Primero creí que era exageración de mi amiga. Luego su rostro, mezcla de perplejidad con cierta rabia antigua, me llevaron a creerle. Cuando el ginecólogo anunció la llegada de su primer hijo, corrió a encargarle una cuna a un carpintero.
Después de todo un vía crucis donde el que tenía madera no tenía puntillas y el que tenía madera y puntillas le faltaba la cola, encontró a un cincuentón que le pareció un hombre serio, de ley, el cual accedió con gusto a fabricársela; solo que le saldría un «poquitíiiiico» cara. «Usted como yo sabe que el cedro y la caoba están perdidos, a los particulares no nos dan con qué trabajar y lo que uno le saca a cada pieza apenas le da para comenzar la otra...» (¿?).

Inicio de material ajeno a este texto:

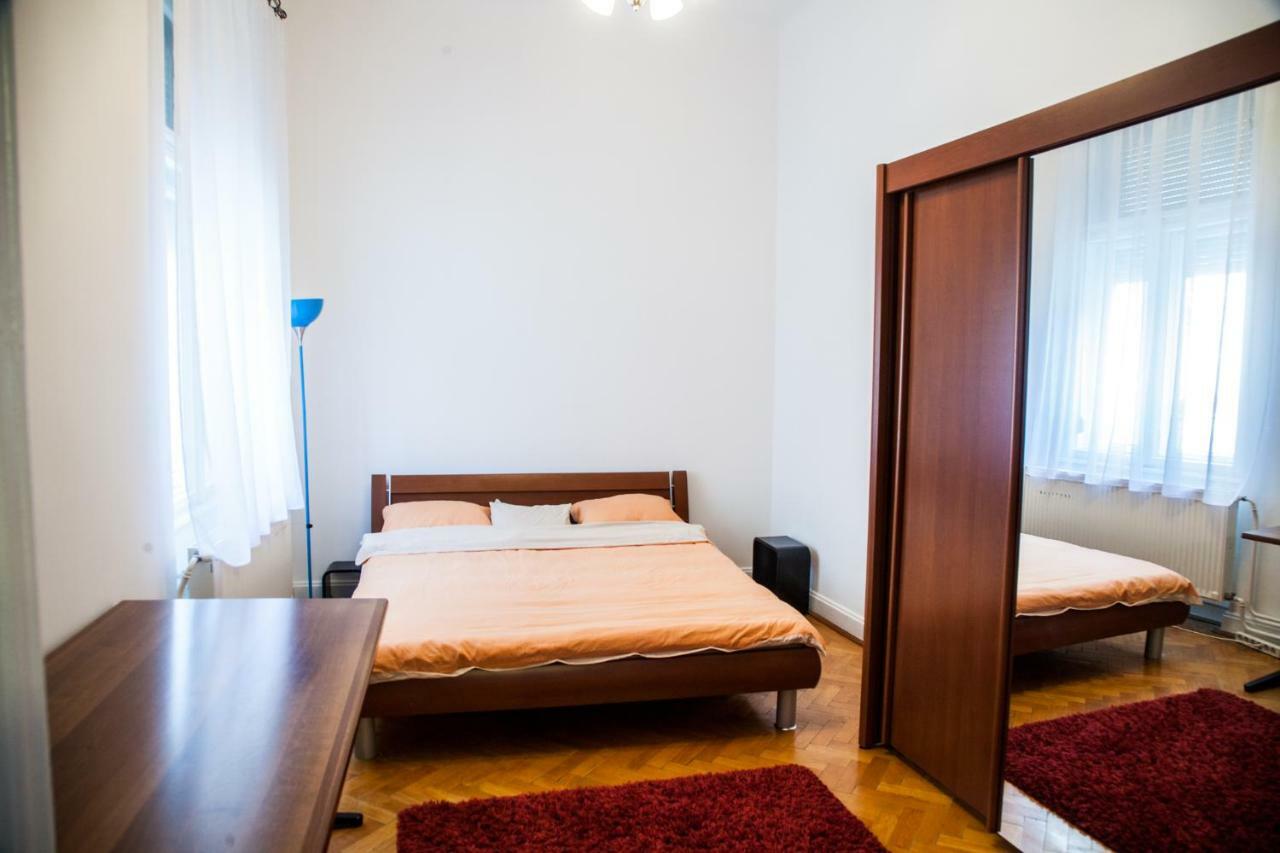 Inner City Apartment Дебрецен Экстерьер фото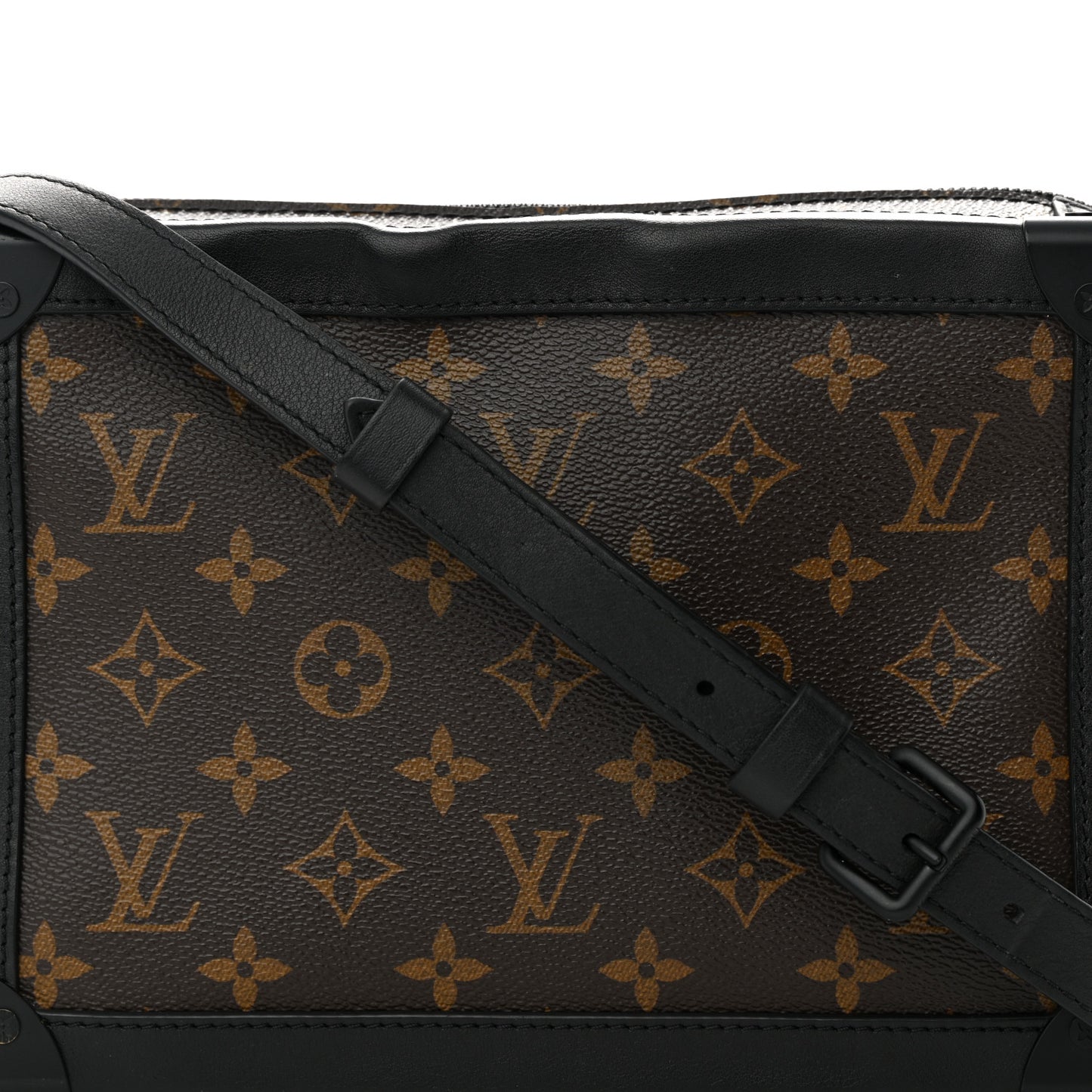 Monogram Solar Ray Soft Trunk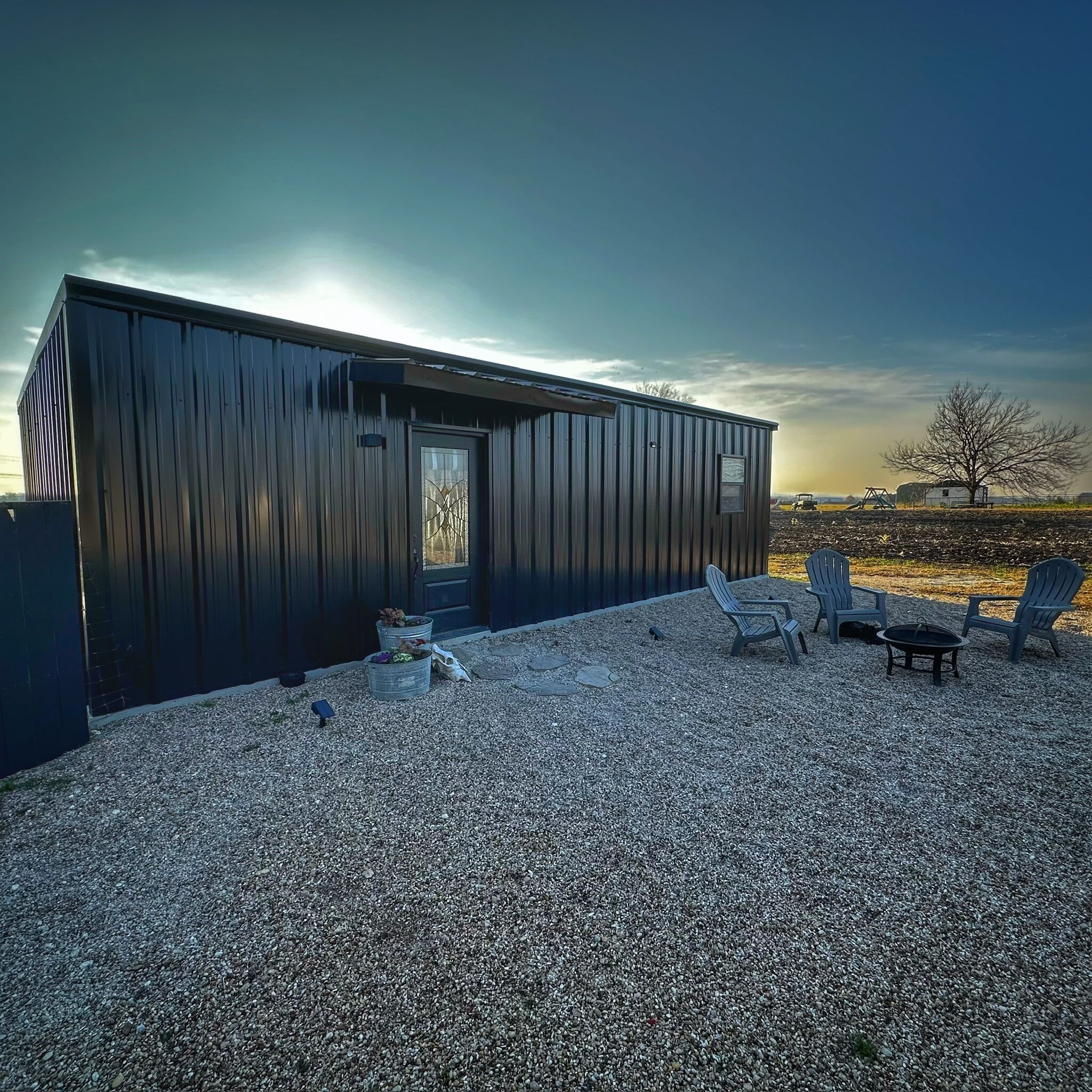 Modern Studio in the country minutes from town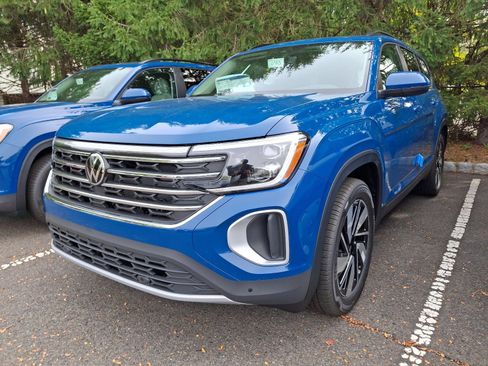 New 2026 Volkswagen Atlas SE image 3
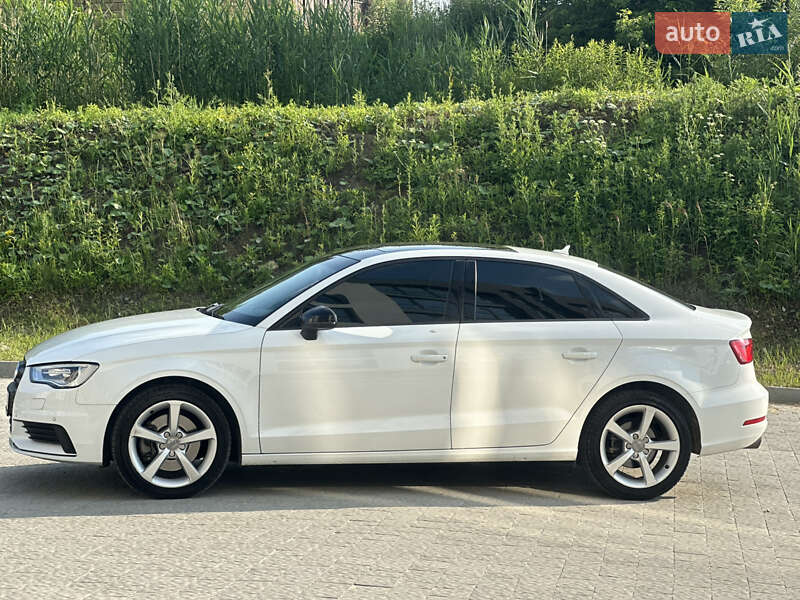 Седан Audi A3 2015 в Яворове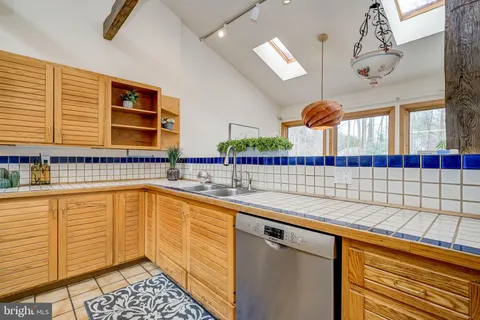 $1,100,000 | 11005 Fawsett Road, Potomac, MD 20854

En fin, que se la valoró como si le vendiera seda de El Cairo. Pero como mi amiga quería lecho de linaje para su primogénita, accedió con la promesa de que estaría en 15 días. Sin embargo, terminó el primer plazo y un segundo y otro y otro, mientras ella veía crecer su vientre sin la cuna en la habitación. Dio más viajes a la carpintería que a la consulta prenatal. El hombre, unas veces estaba con «la gota» y hasta llegó a enterrar a su abuelita por segunda vez después de 15 años.

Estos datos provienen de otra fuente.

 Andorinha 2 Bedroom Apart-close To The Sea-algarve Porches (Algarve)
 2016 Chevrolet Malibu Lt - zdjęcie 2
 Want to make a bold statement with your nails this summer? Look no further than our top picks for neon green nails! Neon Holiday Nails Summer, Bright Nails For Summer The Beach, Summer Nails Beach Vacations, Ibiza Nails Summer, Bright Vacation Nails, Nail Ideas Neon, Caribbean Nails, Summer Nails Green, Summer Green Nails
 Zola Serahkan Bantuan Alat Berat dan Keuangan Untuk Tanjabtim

Llegó el alumbramiento. La mujer tuvo que pedir una prestada y ahí concluyó la historia, pero, el día menos pensado, cuando ya había sepultado al carpintero en el campo santo de los desaguisos y la bebé lo que casi necesitaba era un corral, vio venir, a lo lejos, un carretón con la cuna encima y al eufórico hombre con los mismos ojos de Hernán Cortés.

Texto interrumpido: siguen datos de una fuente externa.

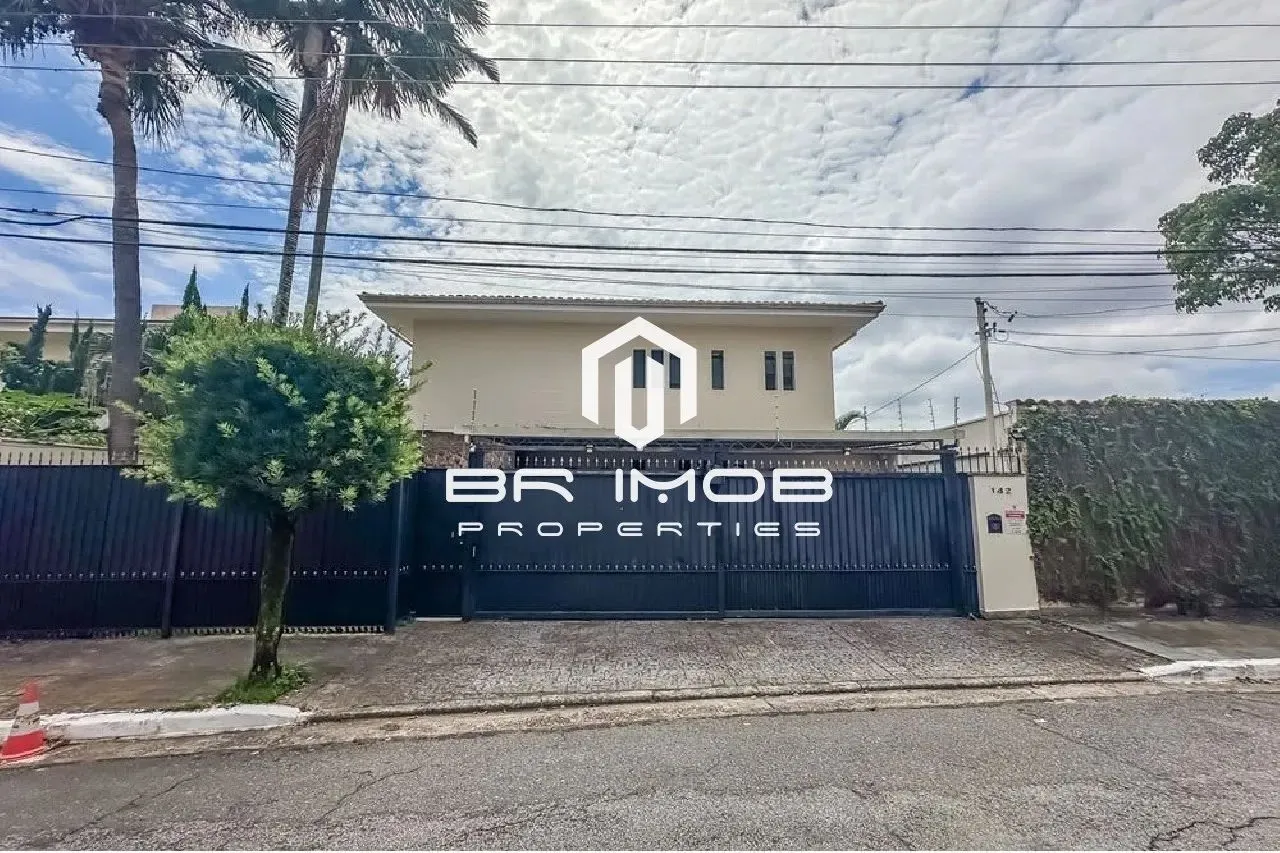 CASA RESIDENCIAL em São Paulo - SP, Pacaembu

«No sé bien, señora hermosa, lo que sucedió después...», pero mi amiga se negó a repetirme las palabrotas dichas al tipo que, en buen cubano, tuvo que «comerse la cuna con papas» y regresar a su carpintería al tiempo que blasfemaba de «lo mal agradecida que estaba la humanidad».
Recuerdo que, de niño, eran solo las costureras las de la mala fama. Un corte de tela, para hacerse el vestido con que se asistiría al bautizo de una infante, si no se extraviaba entre el monte de tejidos que descansaba sobre una silla, servía para ir a la toma de la primera comunión o a la fiesta de 15. Pero, ahora, la falta de ágiles opciones estatales en ciertos servicios hace recurrir a los particulares, quienes también convierten la informalidad en instrumento de tortura psicológica cuando la expresión «palabra acordada es palabra sagrada», al estilo de los caballeros del Rey Arturo, ha hecho mutis del escenario de la vida cotidiana.
Y no se trata de una pequeña artillería de impuntuales en medio de la laboriosidad combativa de un ejército, sino ya deviene norma; apéndice colgado a nuestra cubanía que, penosamente, se adhiere como sanguijuela a la práctica diaria, sea en una empresa de servicios o en el más sencillo de los talleres particulares. Es esa expresión visible del desgaste innecesario, del valladar interno que nada tiene que ver con las limitaciones tangibles del bloqueo; de ese otro límite que en nada se emparenta con quienes osan ahogarnos desde una política imperialista, sino que parte de la efectividad y la disposición de actitudes que construyan la fraternidad social de este país.
Ejercicio sano sería que los cubanos, mientras nos cepillamos los dientes en la mañana, nos preguntásemos con quién o con quiénes hemos empeñado nuestra palabra ese día. ¡Cuán saludable sería para el cumplimiento de la tarea en cada momento, para la restauración humana de nuestro carácter nacional como gente emprendedora y seria! Esta, sin dudas, es otra de las maneras de mantener nuestra hidalguía como el eterno caballero que, a pesar de su desvarío, en el ofrecimiento de su palabra le iba la vida.
¡Ojalá que ese pequeño ejército de personas que aún me deben algún trabajo en casa, me llamen hoy para decirme que la cama o el mueble ya están terminados! O sea yo quien, mordido por mi conciencia, les dé a ellos la buena nueva de la puntualidad... ¡Por suerte, yo no tengo mujer embarazada!